Pohnpei legislators mulling mandatory vehicle insurance bill

Pohnpei legislators mulling mandatory vehicle insurance bill

By Bill Jaynes

The Kaselehlie Press

August 30, 2018

Pohnpei—The Pohnpei State Legislature is considering a bill (LB 355-18) to require all vehicles to have a minimum of $15,000 of Property Damage Liability Insurance and the same amount for Third Party Bodily Injury Liability before a vehicle can be registered.

The Justice and Governmental Operations Committee has already conducted at least one public hearing on the bill but a committee report has not yet been introduced.

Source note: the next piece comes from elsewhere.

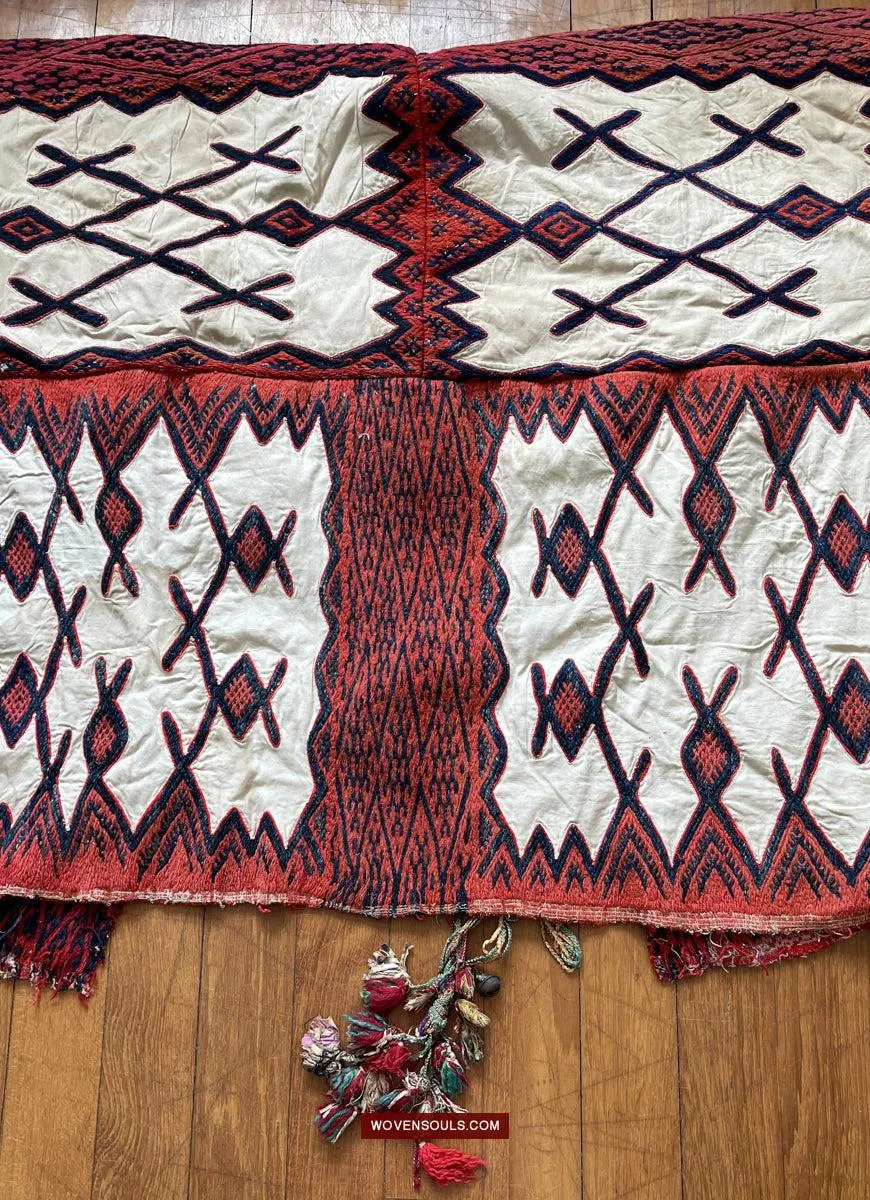 1752 Cape of the Miao People Weining, Ethnic Minority China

“The Legislature finds that motor vehicle insurance is necessary to assure that injured Pohnpeians receive adequate compensation when they are injured in their person or their property. It is the intent of this legislation to require mandatory motor vehicle liability insurance in order to guarantee adequate protection for victims of car accidents who are injured in Pohnpei or who are injured while riding in motor vehicles which are operated in Pohnpei,” the bill says.

If the bill passes it would go into effect on January 1, 2019.

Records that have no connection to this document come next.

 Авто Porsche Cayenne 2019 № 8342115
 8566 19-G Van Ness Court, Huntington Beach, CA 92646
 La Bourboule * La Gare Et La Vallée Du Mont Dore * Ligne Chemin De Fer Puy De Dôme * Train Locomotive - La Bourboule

Certification of insurance would be required before a vehicle could be registered. The insurance must be in effect for the entire year of registration unless the vehicle is sold or otherwise transferred, at which time the new owner would be required to have insurance before it can be re-registered.

If the vehicle owner lies about having insurance, the Director of the Department of Public Safety would have the power to revoke a registration. If that action is taken, that vehicle would not be eligible for registration for six months. If a person’s registration certificate is revoked, the registration certificate cannot be transferred in any other name unless the Director is satisfied that the transfer was made in good faith and not for purposes of defeating the purposes of the law.

The Department of Public Safety would be authorized to immobilize any vehicle that has a revoked registration certificate.

The bill, in its current form would require insurers to notify the Department of Public Safety of any insurance cancellations or lapses. The Director would then inform the insured that insurance for the vehicle has been cancelled. The insured would then have 30 days to procure a new policy or re-instate a policy. If that is not done within the imposed time limit, the owner of the vehicle would be fined $500 and the vehicle will be subject to impoundment.